Clippers point guard Chris Paul drives past Hawks guard John Jenkins for… (Gus Ruelas / Associated…)
The common theme this season has been for Clippers Coach Vinny Del Negro to turn loose substitutes Jamal Crawford, Eric Bledsoe, Matt Barnes, Ronny Turiaf and Ryan Hollins and let them create havoc.
By the time that group was done smothering and attacking the Atlanta Hawks on Sunday at Staples Center, the Clippers had turned a five-point lead into an easy 89-76 victory.
"Each game we get more confident because we understand our role out there," said Crawford, one of three reserves to score in double figures, with 11 points. "Bledsoe is to run the show, Ronny and Ryan do all the dirty work, Matt is guarding everybody and my job is to score and try to make plays. So we all understand that and we all try to be successful in our roles."
The statistics don't tell the entire story of what the Clippers' reserves did in helping the team win its third consecutive game.
For the game, they scored 35 of the team's points, collected 19 of the 38 rebounds, handed out seven of the 21 assists, got eight of the 12 steals and had four of the six blocked shots.
"We come in, change the pace and bring energy," said Bledsoe, who had 12 points, two steals and a blocked shot. "That's what the second unit does and we're going to continue doing it."
The Clippers opened the fourth quarter with Bledsoe, Crawford, Barnes (10 points, seven rebounds), Turiaf (five rebounds, two assists, two blocked shots) and Hollins trying to protect a 65-60 lead.
They extended the lead to 79-65, forcing the Hawks to call a timeout with 6 minutes 29 seconds left.

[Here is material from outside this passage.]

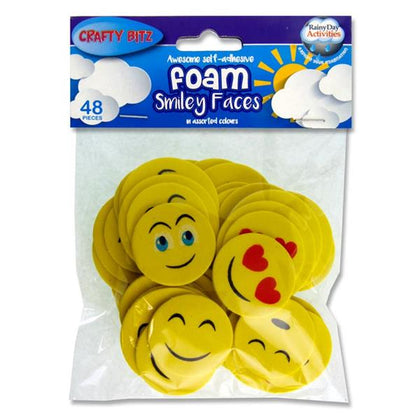 Crafty Bitz Pack of 48 Foam Stickers - Smiley Faces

The Clippers reserves kept up the pressure, eventually making it an 85-65 lead.
The reserves accounted for 18 of the points during that span. Chris Paul had two of the points after he replaced Bledsoe with 5:35 left and the Clippers' lead then was at 14 points.
"A lot of these guys could be starting on a good number of NBA teams," said Blake Griffin, who had 16 points and six rebounds in only 30 minutes. "I don't like to call it second team. It's not like it's that much of a dropoff.
"It's unbelievable how they come in the game and just put the pressure on teams and they increase the lead even more so.…We don't want anybody to think they're not on the same level. We're all just a team."
The reserves scored 20 of the team's 24 fourth-quarter points, and had eight of the nine rebounds, six of the seven steals, four of the six assists and the one blocked shot.
"Those guys on their second unit come in and they are defensive-minded and their defense actually picks up," Atlanta Coach Larry Drew said. "You want your bench to be able to come in and change the game, particularly on the defensive end. And they did that."